Doctor Who Engines of War – George Mann

The War Doctor
The War Doctor

Between 1989 and 2005 I read a lot of Doctor Who novels. For those not familiar with those dates they represent the years that The Doctor was largely absent from our televisions. But he lived on in print and I lapped up those stories. Thanks to the excellent Target Books range I could read the stories of the adventures that had been broadcast on TV between 1963 and 1989. Then along came Virgin Publishing who released a range of books (one per month at their peak) featuring the continuing adventures of the 7th Doctor. These were joined after a couple of years by Past Doctor stories – tales designed to slip in between the stories which had been broadcast on television and featured Doctors 1-6 and their respective travelling companions.

Then in 1996 we got the 8th Doctor TV Movie. Things changed (including the Doctor). BBC Books took back ownership of the Doctor Who stories and began a lengthy run of original novels featuring the 8th Doctor and they also published their own Past Doctor stories too. I would usually buy two Doctor Who books per month – for around 14 years. I have read A LOT of Doctor Who novels.

When the show re-launched on BBC in 2005 the books continued but the addition of 1 small child to our household curtailed the book buying for me.

However, my devotion to the print adventures of our favourite Time Lord puts me in a pretty strong position to assess the latest offering: Engines of War by George Mann.

I am happy to report that it is without doubt one of the best Doctor Who novels I have read. There are lots of things contributing to this and I cannot share them all because <Spoilers>. However, the chance to join The War Doctor is a great start. Throw in a feisty new companion, trips to Gallifrey, Daleks, Timelord political machinations and the unexpected return of some forgotten personalities and there were treats galore for the fans.

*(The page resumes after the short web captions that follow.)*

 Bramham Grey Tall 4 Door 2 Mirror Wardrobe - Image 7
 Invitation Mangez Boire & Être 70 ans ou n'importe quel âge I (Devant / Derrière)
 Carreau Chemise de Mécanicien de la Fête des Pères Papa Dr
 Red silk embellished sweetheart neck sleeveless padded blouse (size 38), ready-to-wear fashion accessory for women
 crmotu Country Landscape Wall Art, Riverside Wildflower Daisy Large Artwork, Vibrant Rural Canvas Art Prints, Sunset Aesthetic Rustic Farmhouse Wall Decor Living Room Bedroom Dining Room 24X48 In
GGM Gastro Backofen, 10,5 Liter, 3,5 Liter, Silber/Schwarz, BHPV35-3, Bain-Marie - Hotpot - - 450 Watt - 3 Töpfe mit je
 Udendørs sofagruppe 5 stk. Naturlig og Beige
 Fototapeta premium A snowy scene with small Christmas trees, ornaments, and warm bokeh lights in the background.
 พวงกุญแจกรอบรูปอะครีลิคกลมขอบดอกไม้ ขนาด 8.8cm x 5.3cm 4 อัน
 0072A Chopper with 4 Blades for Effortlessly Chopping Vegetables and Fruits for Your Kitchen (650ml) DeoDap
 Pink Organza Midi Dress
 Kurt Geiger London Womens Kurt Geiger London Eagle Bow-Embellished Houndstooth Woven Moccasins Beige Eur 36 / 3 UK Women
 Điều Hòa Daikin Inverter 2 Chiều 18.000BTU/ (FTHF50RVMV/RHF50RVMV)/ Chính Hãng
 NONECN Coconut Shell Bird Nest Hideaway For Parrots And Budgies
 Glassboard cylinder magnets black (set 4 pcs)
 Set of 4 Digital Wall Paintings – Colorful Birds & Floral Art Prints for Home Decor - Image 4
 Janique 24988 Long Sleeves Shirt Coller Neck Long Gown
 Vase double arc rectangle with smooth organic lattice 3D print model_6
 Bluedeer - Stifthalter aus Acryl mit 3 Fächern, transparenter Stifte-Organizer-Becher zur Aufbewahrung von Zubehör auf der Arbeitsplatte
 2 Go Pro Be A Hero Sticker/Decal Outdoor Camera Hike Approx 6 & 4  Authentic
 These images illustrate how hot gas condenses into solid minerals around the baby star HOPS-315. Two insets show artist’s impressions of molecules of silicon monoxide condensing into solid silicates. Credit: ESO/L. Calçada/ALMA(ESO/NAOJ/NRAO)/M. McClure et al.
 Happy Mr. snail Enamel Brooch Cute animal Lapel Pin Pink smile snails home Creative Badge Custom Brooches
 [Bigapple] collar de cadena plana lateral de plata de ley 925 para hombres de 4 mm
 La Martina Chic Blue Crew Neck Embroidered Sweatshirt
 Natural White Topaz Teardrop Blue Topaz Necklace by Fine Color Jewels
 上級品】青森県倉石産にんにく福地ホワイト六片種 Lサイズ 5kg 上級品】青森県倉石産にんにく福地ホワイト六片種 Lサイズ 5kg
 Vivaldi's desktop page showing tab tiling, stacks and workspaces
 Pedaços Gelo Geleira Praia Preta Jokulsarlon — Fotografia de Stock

The author does a great job of creating the personality of the War Doctor, you can feel the spirit of the character we are so familiar with battling the necessity of the destruction he brings in this unfamiliar guise. Clearly the War Doctor is tormented by the path that he has forced to take and this comes through in Mann’s fast paced story.

To reveal too much of the plot would rob the reader of the chance to enjoy the story unfolding. Suffice to say that I would love to read more of this battle-weary Doctor’s exploits. The new companion (Cinder) was also a great addition to the mix, she and the Doctor enjoy snappy and entertaining dialogue and it is through her eyes we see how the Doctor almost seems to relish his confrontations with those who stand in his path.

Despite this being a War Doctor story we still see a figure determined to do the right thing, protect the innocent and try to bring solutions to lost causes. With little source material available to form a clear image of how the War Doctor could be expected to behave I believe that George Mann has done an admirable job of crafting a hero we can believe in.

The sheer volume of original Doctor Who novels that are available invariably means that some will slip into obscurity. Within both the Virgin and the BBC range of books are tales that lacked any real spark. There were stories which could have featured any characters and the plots were so generic that, aside from calling the main character Doctor, you had no inkling that you were reading about our favourite Gallifreyan. That is why Engines of War stands out – you are never in any doubt of the subject matter and the importance that the story takes in the mythos of Doctor Who adventures. Excellent reading to be had – go grab a copy.